The Defense

Edmonia moves her pencil to mirror the silhouettes

of animals and trees, but a flat world under her hands

offers no haven. She looks out the one window

in their room, then rests her head on the desk.

The wood is dark from letters she burned,

nicked from pen knives. She pushes aside

Ruth’s books, an inkwell, and a few stones

that sparkle with mica and marks

that look like small footprints.

Memory skates around thoughts:

It’s not my fault.

Of course it’s my fault.

She can’t keep her balance.

She shouldn’t have told Ruth she spoke with Seth.

Is she being punished for breaking

her promise not to tell?

Or should she have said more?

Memory won’t mind borders.

Who said: Drink? Who said: Stop?

She wants to sleep, cross the lines between

truth and forgetting, daytime and dreaming.

She hears a knock. Harriet opens the door.

Father Keep is with Mr. Langston,

the colored lawyer who knows President Lincoln!

Edmonia, they want to see you!

Edmonia hurries to the library, curtsies to the man

she heard speak on the courthouse steps the day

John Brown was hanged. She’s forgotten

Mr.
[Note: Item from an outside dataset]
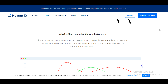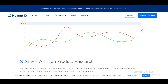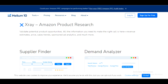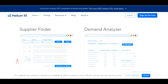I highly recommend Helium 10. With X-Ray Amazon product research, you can validate potential product opportunities. All the information you need to make the right call is here — revenue rate, price, sales, trends, sponsored ads, analytics, and much more. You can also get the supply finder and demand analyzer on Helium 10. You're going to be able to find suppliers and know which products are in high demand and which are in low demand. You can check out pricing and vendor ratings to know which ones to go with, because reviews help you know which supplier is better.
Langston’s words about the freedom fighter,

but not the way hundreds of white folks looked up

and listened to the tall, well-dressed lawyer.

Your client, Miss Lewis, Father Keep introduces her.

I consider myself to be representing this academy and college,

Mr. Langston replies. If it were not for Oberlin,

I could never have become a lawyer. If this young lady

is convicted of attempted murder, who would send

their children here? But I intend to win this case

and keep everything out of the newspapers, too.

We’re fortunate to have an editor in town who’s sympathetic,

but I hate to think what they’d do with this in Cleveland.

Cleveland. Oh, dear. Father Keep nudges up his spectacles.

I didn’t do anything! Edmonia cries.

That’s just the kind of outburst I can’t have in court.

Mr. Langston raises a well-groomed hand, proof

he doesn’t pick cotton the way his mother did,

evidence that times can change. If all goes as I plan,

you won’t testify. Silence is the best defense.

I have to tell everyone what happened.

Can she? She’s spoken English for years,

but she’s not fluent with words that fall

between Yes and No.

She has a grasp of words

for action and what can be held,

but not Maybe or Sometimes, words

used to smudge or straddle fact and falsehoods.

I have to talk to Helen and Christine.

Make them remember I was their friend.

We’re not dealing with rational people, Miss Lewis.

Yesterday, Mr. Ennes chased me with his rifle.

Fortunately, he has terrible aim.

Christine’s father tried to shoot you?

Father Keep stands up. John, my dear Lord!

What did the sheriff do?

I didn’t report it. Union soldiers in the South

withstand more than one misfired bullet.

But this isn’t a war, Father Keep says.

I can understand how it might feel to be afraid that

your daughter is dying. Some good people in this town

have sent sons to war. They may never come back.

Townsfolk think they’ve made enough sacrifices

for our people, and are angry that some seem ungrateful.

But I’m going to win this case. Mr. Langston’s back

is perfectly straight as he turns to Edmonia.

They want you in jail until you appear in court,

though there aren’t cells for young ladies.

I promised them you won’t leave here until the trial,

except for church on Sunday mornings.

Rumor already binds her breath.

She won’t ask what will happen if he fails.